6o J’ai eu quelquefois occasion d’expliquer au roi la différence entre les provinces où les terres s’exploitent par des fermiers riches, qui font les avances de la culture et s’engagent par un bail à donner une somme fixe tous les ans à leurs propriétaires ; et d’autres provinces où, faute de fermiers riches, les propriétaires sont obligés de donner leurs terres à de pauvres paysans hors d’état de faire aucunes avances, à qui le propriétaire fournit les bestiaux, les outils aratoires, les semences, et de quoi se nourrir jusqu’à la première récolte : alors tous les fruits se partagent par moitié entre le propriétaire et le colon, qu’on appelle par cette raison métayer.

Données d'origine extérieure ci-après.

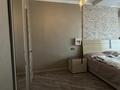 3-бөлмелі пәтер · 105 м² · 16/16 қабат, Аль-Фараби 21, бағасы: 900 000 ₸ в Алматы, Бостандыкский р-н — фото 11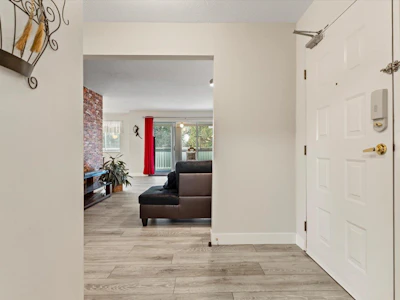 303-32070 Peardonville Road - 3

Cet usage, qui a presque la force d’une loi, de partager les fruits par moitié, a été introduit dans un temps où la taille et les autres impôts n’étaient pas établis ; il est vraisemblable qu’alors il était avantageux aux deux parties ; que le propriétaire tirait de sa terre un profit suffisant, et que le colon pouvait vivre et entretenir sa famille avec une sorte d’aisance. Il est évident que, lorsque la taille et tous les impôts sont venus fondre sur la tête du malheureux métayer, toute égalité dans le partage a été rompue, et qu’il a dû être réduit à la plus grande misère. Sa ruine a été plus ou moins entière, suivant les différents degrés de la fécondité des terres ; suivant le plus ou moins de dépense qu’exige la culture ; suivant le plus ou moins de valeur des denrées.

Dans quelques provinces, et nommément en Limousin, la misère des cultivateurs est telle que, en dépit de la loi et des privilèges, il a fallu que les propriétaires, même privilégiés, pour trouver des colons, consentissent volontairement à payer une partie de l’impôt à la décharge de leurs colons, et corrigeassent ainsi l’excès de la dureté de la loi[1].

Mais il est à observer que cette condescendance des propriétaires étant libre, et la loi étant toute contre le colon, le propriétaire borne cette espèce de libéralité au point précis qui est nécessaire pour que

  1. Voyez, au tome I, page 541, le développement de ces idées, dans le Mémoire sur la grande et la petite culture.